But you'll think better of it. Like should pair with like, Mr Glascock.
If you were to marry one of our young women, you would lose in dignity
as much as she would lose in comfort.' Then they parted, and she went
off to say farewell to other guests. The manner in which she had
answered what he had said to her had certainly been of a nature to stop
any further speech of the same kind. Had she been gentle with him, then
he would certainly have told her that she was the American woman whom
he desired to take with him to his home in England.



CHAPTER LVII - DOROTHY'S FATE

Towards the end of February Sir Peter Mancrudy declared Miss Stanbury
to be out of danger, and Mr Martin began to be sprightly on the
subject, taking to himself no inconsiderable share of the praise
accruing to the medical faculty in Exeter generally for the saving of a
life so valuable to the city. 'Yes, Mr Burgess,' Sir Peter said to old
Barty of the bank, 'our friend will get over it this time, and without
any serious damage to her constitution, if she will only take care of
herself.' Barty made some inaudible grunt, intended to indicate his own
indifference on the subject, and expressed his opinion to the chief
clerk that old Jemima Wideawake as he was pleased to call her was one
of those tough customers who would never die. 'It would be nothing to
us, Mr Barty, one way or the other,' said the clerk; to which Barty
Burgess assented with another grunt.

Camilla French declared that she was delighted to hear the news.

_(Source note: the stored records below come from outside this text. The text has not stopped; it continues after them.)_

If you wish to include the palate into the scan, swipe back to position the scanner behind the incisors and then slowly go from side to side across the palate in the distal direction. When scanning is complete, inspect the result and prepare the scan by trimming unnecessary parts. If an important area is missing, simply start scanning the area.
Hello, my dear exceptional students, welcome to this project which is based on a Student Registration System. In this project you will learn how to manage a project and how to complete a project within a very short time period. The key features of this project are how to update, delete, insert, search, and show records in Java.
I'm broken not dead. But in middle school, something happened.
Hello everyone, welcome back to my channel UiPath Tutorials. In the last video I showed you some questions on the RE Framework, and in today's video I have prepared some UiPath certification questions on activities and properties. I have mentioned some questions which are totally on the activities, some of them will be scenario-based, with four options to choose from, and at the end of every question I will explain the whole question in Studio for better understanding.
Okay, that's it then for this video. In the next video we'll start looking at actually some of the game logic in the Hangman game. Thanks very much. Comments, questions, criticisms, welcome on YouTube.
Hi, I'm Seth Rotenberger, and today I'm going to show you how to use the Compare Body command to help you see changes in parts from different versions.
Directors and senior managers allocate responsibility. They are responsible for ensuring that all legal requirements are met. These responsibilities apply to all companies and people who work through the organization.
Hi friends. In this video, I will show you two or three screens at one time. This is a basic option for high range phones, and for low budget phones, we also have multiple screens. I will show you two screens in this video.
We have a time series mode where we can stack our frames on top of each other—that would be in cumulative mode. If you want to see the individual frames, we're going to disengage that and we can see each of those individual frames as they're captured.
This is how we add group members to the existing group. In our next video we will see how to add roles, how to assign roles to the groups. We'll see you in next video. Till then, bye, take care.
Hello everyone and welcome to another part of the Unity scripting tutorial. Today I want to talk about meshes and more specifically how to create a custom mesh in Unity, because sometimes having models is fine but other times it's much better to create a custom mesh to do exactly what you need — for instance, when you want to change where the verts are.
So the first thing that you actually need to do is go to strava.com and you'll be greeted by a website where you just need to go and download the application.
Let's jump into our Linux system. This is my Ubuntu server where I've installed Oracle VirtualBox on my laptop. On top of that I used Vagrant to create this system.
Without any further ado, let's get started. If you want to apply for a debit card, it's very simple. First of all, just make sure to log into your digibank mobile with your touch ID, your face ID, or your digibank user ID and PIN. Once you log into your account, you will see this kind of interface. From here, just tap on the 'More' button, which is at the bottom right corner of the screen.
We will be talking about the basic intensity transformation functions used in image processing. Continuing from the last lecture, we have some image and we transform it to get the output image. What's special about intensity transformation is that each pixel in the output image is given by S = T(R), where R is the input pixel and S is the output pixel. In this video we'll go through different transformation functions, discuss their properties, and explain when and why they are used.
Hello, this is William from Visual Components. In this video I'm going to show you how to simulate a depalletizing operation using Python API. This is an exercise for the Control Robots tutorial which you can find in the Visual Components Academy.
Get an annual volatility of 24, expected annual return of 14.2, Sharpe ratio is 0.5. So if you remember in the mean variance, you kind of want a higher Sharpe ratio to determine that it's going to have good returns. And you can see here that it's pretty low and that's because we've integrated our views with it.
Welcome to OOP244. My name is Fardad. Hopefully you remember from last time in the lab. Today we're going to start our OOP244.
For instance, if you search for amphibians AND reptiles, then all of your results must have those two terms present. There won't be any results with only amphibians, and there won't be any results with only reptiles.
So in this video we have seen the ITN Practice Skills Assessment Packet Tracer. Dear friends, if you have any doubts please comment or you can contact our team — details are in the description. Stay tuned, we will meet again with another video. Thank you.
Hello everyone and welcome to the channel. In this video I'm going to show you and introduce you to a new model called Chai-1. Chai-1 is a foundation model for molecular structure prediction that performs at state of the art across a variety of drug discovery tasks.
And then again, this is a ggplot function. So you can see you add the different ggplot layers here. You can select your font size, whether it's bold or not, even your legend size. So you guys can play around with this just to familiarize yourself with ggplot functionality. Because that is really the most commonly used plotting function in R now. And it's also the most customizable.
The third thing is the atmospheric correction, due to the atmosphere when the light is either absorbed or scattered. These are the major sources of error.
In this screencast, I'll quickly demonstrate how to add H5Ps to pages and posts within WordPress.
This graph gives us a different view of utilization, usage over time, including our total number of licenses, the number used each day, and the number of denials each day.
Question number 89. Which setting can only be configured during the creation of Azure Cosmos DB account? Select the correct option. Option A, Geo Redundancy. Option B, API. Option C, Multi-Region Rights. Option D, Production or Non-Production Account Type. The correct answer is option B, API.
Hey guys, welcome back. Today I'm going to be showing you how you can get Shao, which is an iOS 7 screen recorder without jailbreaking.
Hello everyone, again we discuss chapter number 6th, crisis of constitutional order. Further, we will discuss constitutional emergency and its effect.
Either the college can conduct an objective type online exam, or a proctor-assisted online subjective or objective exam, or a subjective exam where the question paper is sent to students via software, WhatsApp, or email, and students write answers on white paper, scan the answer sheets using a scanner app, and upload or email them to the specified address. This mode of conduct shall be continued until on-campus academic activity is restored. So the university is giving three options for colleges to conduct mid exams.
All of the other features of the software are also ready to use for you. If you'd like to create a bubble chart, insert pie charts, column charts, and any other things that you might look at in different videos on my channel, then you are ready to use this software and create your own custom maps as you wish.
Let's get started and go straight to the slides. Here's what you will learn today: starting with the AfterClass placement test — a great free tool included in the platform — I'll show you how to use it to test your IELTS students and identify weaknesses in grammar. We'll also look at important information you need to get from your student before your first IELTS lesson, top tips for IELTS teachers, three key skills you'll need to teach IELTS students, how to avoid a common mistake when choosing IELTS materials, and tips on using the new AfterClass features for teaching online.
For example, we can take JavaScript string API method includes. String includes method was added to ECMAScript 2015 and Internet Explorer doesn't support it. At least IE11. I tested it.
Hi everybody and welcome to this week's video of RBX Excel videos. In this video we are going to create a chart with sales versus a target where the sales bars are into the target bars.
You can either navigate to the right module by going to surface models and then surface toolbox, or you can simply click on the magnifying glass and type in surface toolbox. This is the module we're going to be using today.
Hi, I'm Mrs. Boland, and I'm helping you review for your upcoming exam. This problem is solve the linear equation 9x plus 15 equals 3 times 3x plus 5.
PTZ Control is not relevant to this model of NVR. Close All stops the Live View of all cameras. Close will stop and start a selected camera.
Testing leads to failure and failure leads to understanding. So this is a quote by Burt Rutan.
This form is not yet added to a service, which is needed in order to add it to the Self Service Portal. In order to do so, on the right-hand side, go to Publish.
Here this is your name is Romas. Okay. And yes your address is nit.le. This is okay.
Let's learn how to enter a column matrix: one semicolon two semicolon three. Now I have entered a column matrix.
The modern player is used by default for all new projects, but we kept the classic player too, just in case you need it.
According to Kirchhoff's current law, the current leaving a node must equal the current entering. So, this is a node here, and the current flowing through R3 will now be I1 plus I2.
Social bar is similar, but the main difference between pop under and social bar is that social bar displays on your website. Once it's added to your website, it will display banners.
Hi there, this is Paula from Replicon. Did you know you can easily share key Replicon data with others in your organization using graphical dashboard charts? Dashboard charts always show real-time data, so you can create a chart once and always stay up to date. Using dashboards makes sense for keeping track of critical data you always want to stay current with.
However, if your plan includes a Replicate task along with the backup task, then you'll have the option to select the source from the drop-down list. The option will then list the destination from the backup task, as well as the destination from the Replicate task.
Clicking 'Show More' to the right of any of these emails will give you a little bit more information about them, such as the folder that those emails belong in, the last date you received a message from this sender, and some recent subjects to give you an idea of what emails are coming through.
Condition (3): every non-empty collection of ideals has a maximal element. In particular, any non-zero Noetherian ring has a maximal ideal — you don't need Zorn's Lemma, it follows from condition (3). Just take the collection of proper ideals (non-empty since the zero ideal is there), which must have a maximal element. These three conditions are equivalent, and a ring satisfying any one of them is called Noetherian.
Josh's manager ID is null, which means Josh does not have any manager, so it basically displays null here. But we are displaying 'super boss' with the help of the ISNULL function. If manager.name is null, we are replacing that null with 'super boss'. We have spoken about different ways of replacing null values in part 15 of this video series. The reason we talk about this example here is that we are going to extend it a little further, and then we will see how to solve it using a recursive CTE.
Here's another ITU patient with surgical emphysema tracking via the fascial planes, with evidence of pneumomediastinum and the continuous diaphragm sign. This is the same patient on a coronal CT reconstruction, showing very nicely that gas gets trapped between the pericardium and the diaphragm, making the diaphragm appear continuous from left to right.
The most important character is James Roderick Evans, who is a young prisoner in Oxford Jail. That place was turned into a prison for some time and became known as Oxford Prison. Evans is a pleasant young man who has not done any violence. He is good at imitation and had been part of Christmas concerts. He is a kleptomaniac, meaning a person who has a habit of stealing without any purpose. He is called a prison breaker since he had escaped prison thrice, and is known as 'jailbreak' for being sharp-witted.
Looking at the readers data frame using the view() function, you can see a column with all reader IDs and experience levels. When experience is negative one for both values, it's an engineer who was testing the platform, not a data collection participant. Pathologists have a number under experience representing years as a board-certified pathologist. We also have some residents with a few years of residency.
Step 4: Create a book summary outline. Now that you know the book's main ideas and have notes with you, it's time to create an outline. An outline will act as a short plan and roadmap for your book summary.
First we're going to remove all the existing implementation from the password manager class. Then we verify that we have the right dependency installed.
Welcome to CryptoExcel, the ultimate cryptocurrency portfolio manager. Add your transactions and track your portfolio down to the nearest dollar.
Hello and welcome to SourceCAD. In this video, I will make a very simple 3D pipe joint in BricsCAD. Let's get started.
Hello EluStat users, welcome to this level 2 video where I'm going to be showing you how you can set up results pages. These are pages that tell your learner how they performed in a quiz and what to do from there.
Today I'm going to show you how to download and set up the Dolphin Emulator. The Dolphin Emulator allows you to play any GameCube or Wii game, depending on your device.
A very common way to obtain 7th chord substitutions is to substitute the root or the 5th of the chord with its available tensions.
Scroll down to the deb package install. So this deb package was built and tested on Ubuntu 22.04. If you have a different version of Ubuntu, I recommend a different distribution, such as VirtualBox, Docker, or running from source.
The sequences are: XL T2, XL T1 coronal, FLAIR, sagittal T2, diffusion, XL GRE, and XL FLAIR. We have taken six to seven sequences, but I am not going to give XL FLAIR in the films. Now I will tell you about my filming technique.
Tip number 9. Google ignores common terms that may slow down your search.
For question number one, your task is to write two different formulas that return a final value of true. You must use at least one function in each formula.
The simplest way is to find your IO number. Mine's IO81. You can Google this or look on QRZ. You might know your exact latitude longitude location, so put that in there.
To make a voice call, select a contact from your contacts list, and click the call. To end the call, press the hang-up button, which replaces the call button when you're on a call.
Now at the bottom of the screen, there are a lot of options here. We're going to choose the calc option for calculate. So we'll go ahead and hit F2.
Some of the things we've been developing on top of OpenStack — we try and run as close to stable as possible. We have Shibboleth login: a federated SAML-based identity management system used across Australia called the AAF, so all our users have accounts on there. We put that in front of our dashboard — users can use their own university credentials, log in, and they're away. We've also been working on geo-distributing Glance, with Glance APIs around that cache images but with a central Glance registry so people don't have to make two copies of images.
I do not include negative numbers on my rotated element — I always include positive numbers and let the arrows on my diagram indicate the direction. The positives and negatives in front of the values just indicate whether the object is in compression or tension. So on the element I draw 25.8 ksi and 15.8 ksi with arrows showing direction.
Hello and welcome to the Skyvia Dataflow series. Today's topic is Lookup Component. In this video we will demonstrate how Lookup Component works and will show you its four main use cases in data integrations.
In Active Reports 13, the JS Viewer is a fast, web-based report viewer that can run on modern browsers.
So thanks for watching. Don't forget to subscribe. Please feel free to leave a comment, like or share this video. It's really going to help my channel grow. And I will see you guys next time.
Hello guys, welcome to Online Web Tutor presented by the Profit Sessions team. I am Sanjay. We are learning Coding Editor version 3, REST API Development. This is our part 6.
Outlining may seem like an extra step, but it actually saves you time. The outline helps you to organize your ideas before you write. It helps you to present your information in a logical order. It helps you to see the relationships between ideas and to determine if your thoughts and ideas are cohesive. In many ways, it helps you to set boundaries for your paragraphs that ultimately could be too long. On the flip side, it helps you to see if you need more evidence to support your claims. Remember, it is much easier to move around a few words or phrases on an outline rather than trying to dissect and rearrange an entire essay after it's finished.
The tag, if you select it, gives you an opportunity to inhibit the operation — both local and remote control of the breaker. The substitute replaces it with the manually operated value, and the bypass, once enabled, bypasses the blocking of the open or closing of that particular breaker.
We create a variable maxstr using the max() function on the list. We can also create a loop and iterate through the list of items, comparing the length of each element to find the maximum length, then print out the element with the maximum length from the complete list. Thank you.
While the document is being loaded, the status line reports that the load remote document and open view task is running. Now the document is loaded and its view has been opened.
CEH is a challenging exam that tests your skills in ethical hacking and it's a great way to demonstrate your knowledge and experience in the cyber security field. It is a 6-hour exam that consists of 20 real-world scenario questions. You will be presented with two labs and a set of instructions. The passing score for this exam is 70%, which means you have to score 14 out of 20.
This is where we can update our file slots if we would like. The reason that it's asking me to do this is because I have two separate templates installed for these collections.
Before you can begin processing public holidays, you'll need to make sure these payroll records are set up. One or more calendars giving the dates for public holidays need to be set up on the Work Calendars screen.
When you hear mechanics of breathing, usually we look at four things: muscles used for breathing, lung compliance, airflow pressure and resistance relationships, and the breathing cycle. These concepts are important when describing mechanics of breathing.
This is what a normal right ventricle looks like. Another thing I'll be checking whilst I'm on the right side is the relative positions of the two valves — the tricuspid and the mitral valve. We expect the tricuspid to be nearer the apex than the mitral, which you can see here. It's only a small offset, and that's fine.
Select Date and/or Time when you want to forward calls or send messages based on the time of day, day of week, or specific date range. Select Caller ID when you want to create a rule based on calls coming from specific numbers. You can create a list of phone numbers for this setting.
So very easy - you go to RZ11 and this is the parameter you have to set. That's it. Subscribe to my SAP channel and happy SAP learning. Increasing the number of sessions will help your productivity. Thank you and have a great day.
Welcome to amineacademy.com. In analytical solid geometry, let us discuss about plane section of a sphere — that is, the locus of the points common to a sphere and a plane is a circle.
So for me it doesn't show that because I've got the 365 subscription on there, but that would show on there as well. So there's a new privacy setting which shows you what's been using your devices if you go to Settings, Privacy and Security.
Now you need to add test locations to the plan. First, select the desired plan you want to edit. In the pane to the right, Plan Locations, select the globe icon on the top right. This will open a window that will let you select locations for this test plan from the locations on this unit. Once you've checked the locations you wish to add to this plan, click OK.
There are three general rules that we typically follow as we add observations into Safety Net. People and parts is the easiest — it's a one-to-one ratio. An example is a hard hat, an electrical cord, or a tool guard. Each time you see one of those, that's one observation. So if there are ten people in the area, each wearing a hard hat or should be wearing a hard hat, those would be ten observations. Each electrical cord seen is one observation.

At
this time there had been some sort of a reconciliation between her and
her lover. Mrs French had extracted from him a promise that he would
not go to Natal; and Camilla had commenced the preparations for her
wedding. His visits to Heavitree were as few and far between as he
could make them with any regard to decency; but the 31st of March was
coming on quickly, and as he was to be made a possession of them for
ever, it was considered to be safe and well to allow him some liberty
in his present condition. 'My dear, if they are driven, there is no
knowing what they won't do,' Mrs French said to her daughter. Camilla
had submitted with compressed lips and a slight nod of her head. She
had worked very hard, but her day of reward was coming. It was
impossible not to perceive both for her and her mother that the
scantiness of Mr Gibson's attention to his future bride was cause of
some weak triumph to Arabella. She said that it was very odd that he
did not come and once added with a little sigh that he used to come in
former days, alluding to those happy days in which another love was
paramount. Camilla could not endure this with an equal mind. 'Bella,
dear,' she said, 'we know what all that means. He has made his choice,
and if I am satisfied with what he does now, surely you need not
grumble.' Miss Stanbury's illness had undoubtedly been a great source
of contentment to the family at Heavitree, as they had all been able to
argue that her impending demise was the natural consequence of her
great sin in the matter of Dorothy's proposed marriage. When, however,
they heard from Mr Martin that she would certainly recover, that Sir
Peter's edict to that effect had gone forth, they were willing to
acknowledge that Providence, having so far punished the sinner, was
right in staying its hand and abstaining from the final blow. 'I'm sure
we are delighted,' said Mrs French, 'for though she has said cruel
things of us and so untrue too yet of course it is our duty to forgive
her. And we do forgive her.'

Dorothy had written three or four notes to Brooke since his departure,
which contained simple bulletins of her aunt's health. She always began
her letters with 'My dear Mr Burgess,' and ended them with 'yours
truly.' She never made any allusion to Brooke's declaration of love, or
gave the slightest sign in her letters to shew that she even remembered
it. At last she wrote to say that her aunt was convalescent; and, in
making this announcement, she allowed herself some enthusiasm of
expression. She was so happy, and was so sure that Mr Burgess would be
equally so! And her aunt had asked after her 'dear Brooke,' expressing
her great satisfaction with him, in that he had come down to see her
when she had been almost too ill to see anyone. In answer to this there
came to her a real love-letter from Brooke Burgess. It was the first
occasion on which he had written to her. The little bulletins had
demanded no replies, and had received none. Perhaps there had been a
shade of disappointment on Dorothy's side, in that she had written
thrice, and had been made rich with no word in return. But, although
her heart had palpitated on hearing the postman's knock, and had
palpitated in vain, she had told herself that it was all as it should
be. She wrote to him, because she possessed information which it was
necessary that she should communicate. He did not write to her, because
there was nothing for him to tell. Then had come the love-letter, and
in the love-letter there was an imperative demand for a reply.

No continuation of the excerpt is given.